In the above passage, Stott gives unqualified approval to the Marxist liberation theology calling it "fully biblical." Need we say more? Stott is endorsing not merely socio-political action, agitation, violent protest but armed uprising and bloody revolution. In his converted thinking, these things are "pleasing to God the Creator."

4. Evangelicals and Dialogue
The Devil’s substitute for the Gospel of Jesus Christ is "dialogue." Dialogue is to sit down and exchange views on equal terms, each learning from the other. Here is what Stott has to say of dialogue:

Christ speaks in this dialogue, revealing himself to those who do not know him and correcting the limited and distorted knowledge of those who do. I do not think we should object to this formulation.

So, according to Stott, Christ speaks through non-Christians to correct the "distorted knowledge" of Christians!

Then Stott cites the example of E. Stanley Jones, the modernist missionary to India, how Jones used dialogue with Hindus to great profit.

Reading through the pages of Stott’s book, one is struck by the subtlety of his perverted logic and frequent double talk. Are we to believe what this evangelical says? Does Christ speak in dialogue? Does God honour dialogue with other religions?

Where is the "Thus saith the Lord" of Holy Scripture? or "Repent, and be baptized every one of you in the name of Jesus Christ for the remission of sins?" (Acts 2:38).

5. "A Christian Manifesto"
A socio-political treatise

In his recent book A Christian Manifesto (1982), Francis Schaeffer, senior Neo-evangelical statesman and author, reveals the latest in Neo-evangelical concern. In 120 pages of text, Schaeffer quotes 11 verses of Scripture to support his views on "The Limits of Civil Disobedience."

Schaeffer writes of the crumbling of morality and freedom, the degeneration of law and government and the humanistic educational system. He calls on Christians to change society, and under certain circumstances to resist the state by political action, civil disobedience and if necessary even by force. The issue of abortion figures rather prominently in his thinking.

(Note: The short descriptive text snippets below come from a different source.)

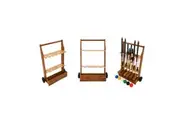 Wooden Croquet Storage Trolley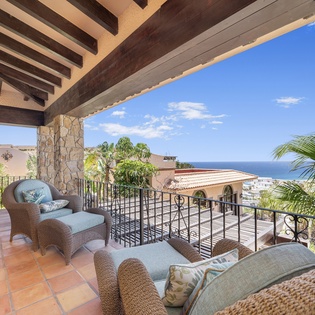 En suite terrace with ocean views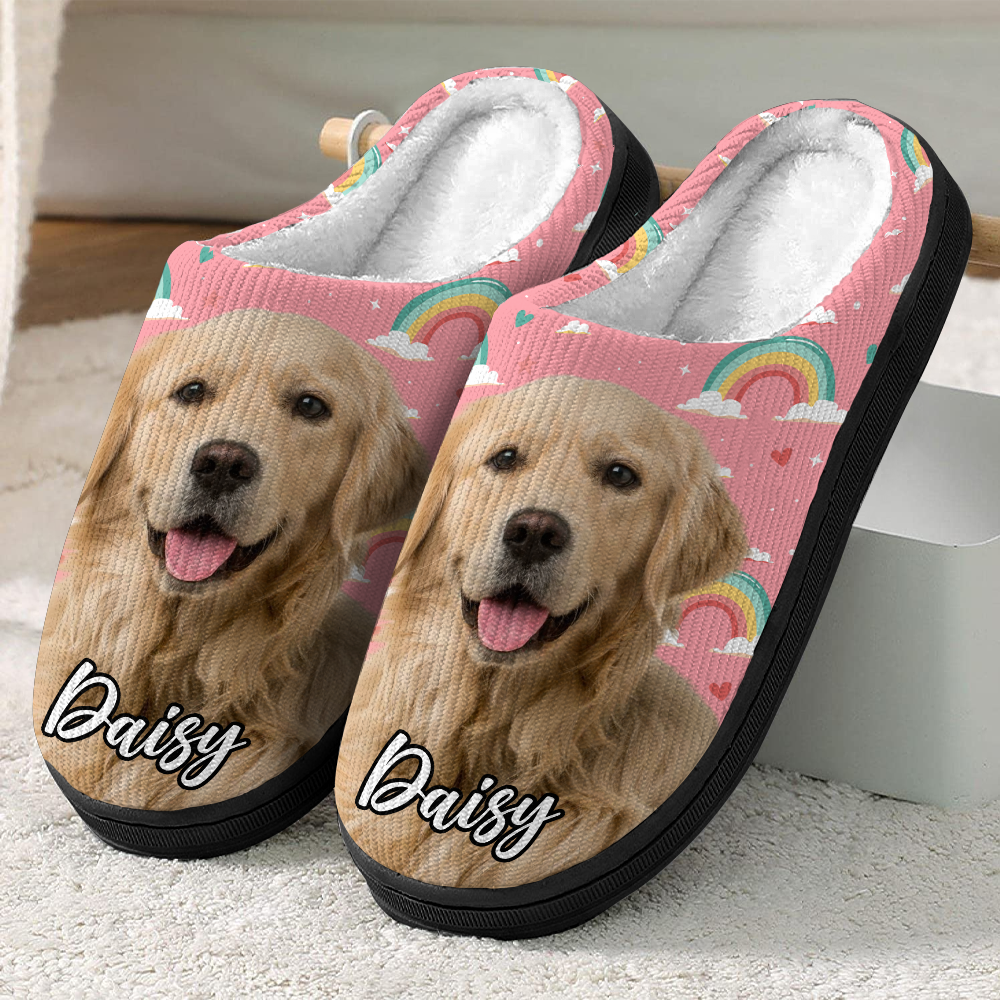 Custom Cute Dog Photo Slipper Gift For Dog Lovers CH07 896340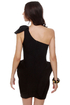 Marry the Night One Shoulder Black Dress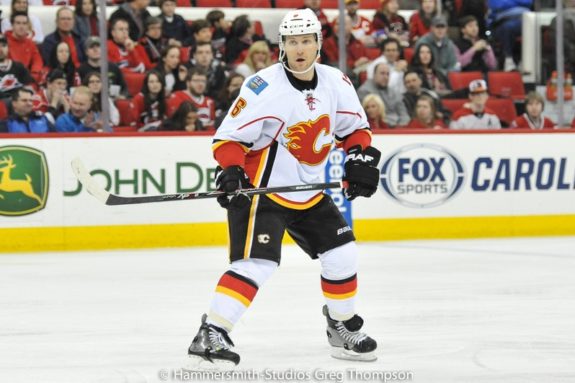 Dennis Wideman led Calgary defencemen with 56 points last season. (Greg Thompson/Hammersmith Studios)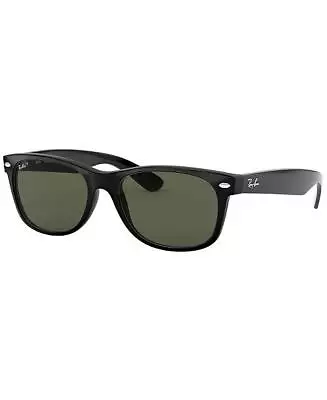 NEW Ray-Ban RB2132 New Wayfarer G-15 Lens Sunglasses Black/Green 55mm Imported • $51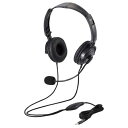 エレコム ヘッドセット 両耳 4極 HS-HP20TBK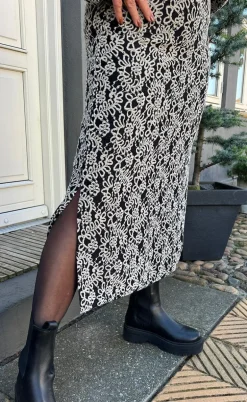 Say INA Copenhagen Kjole - Lanza - Black W. White Paisley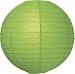 Parallel Ribbed Green 12-Inch Round Paper Lantern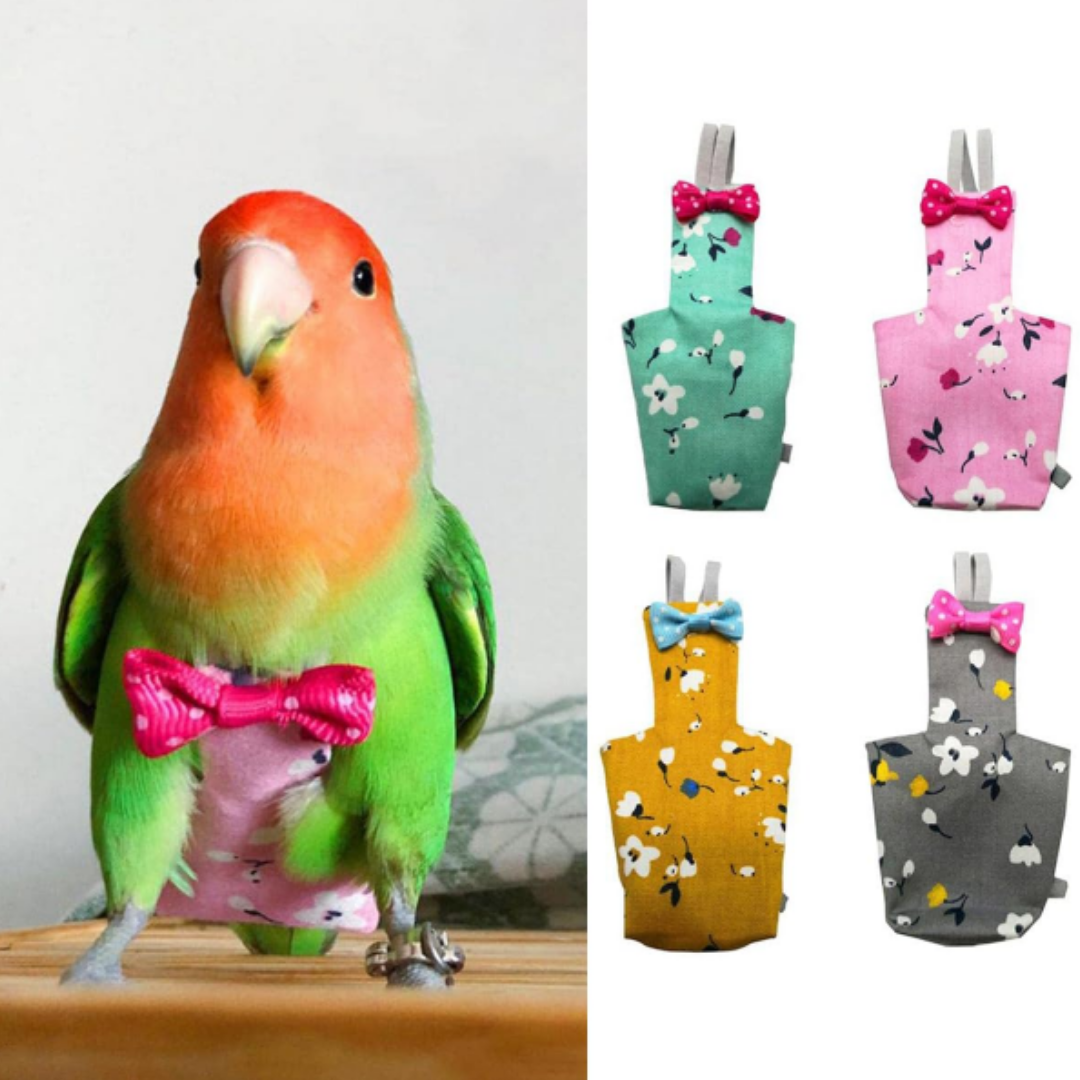 Picture of lovebird diaper dress washable fabrics per bird accessories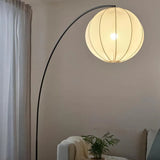 Fabric White Globe Floor Lamp & Pendant Light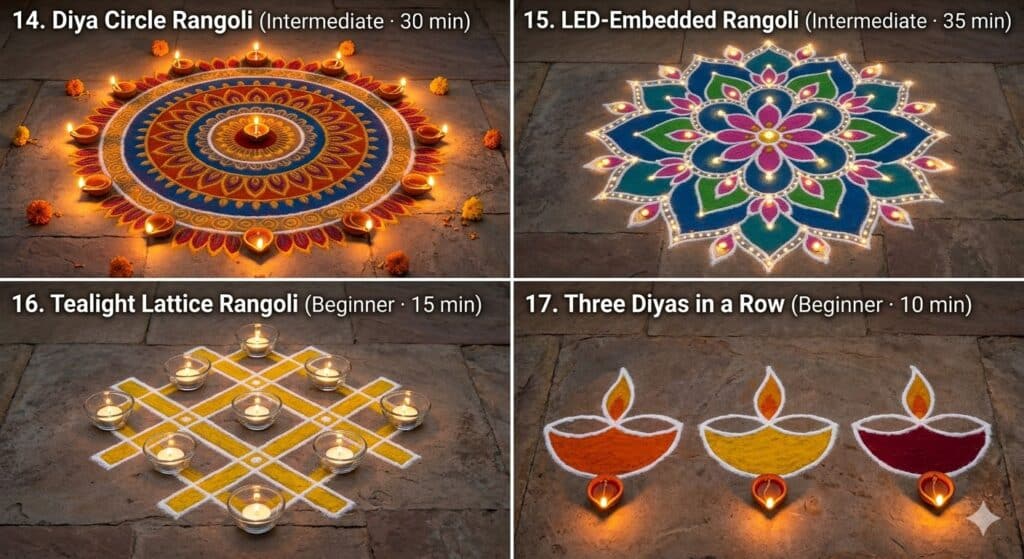 diya rangoli design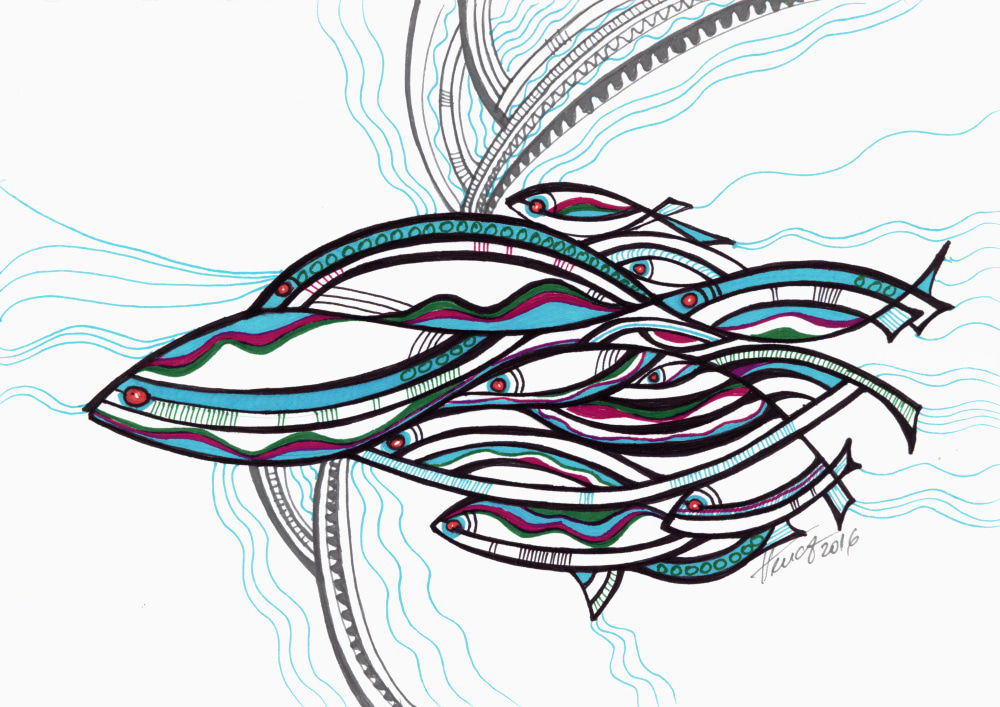 1000x707 The Gang Decorative Arts, Drawings Sketch, Illustration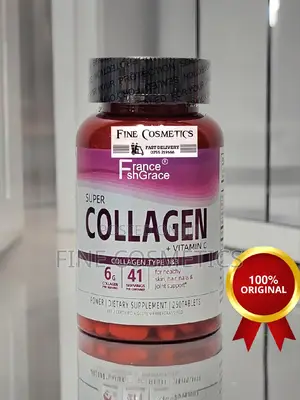 SUPER COLLAGEN + VITAMIN C Pills for Health Skin, Hair+Nails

It seems incredible that an avowed evangelical writing a "Christian Manifesto" sees merely socio-political issues and the need for social change and possibly violence. Surely an honest reading of God’s Word must inform us that the end time society is an evil and corrupt one, incorrigible and ripe for judgment (Matt. 24:37-39). Nowhere in Scripture is there a shred of evidence to suggest that Christians can change society and systems. Only Christ our Lord can, and that when He comes.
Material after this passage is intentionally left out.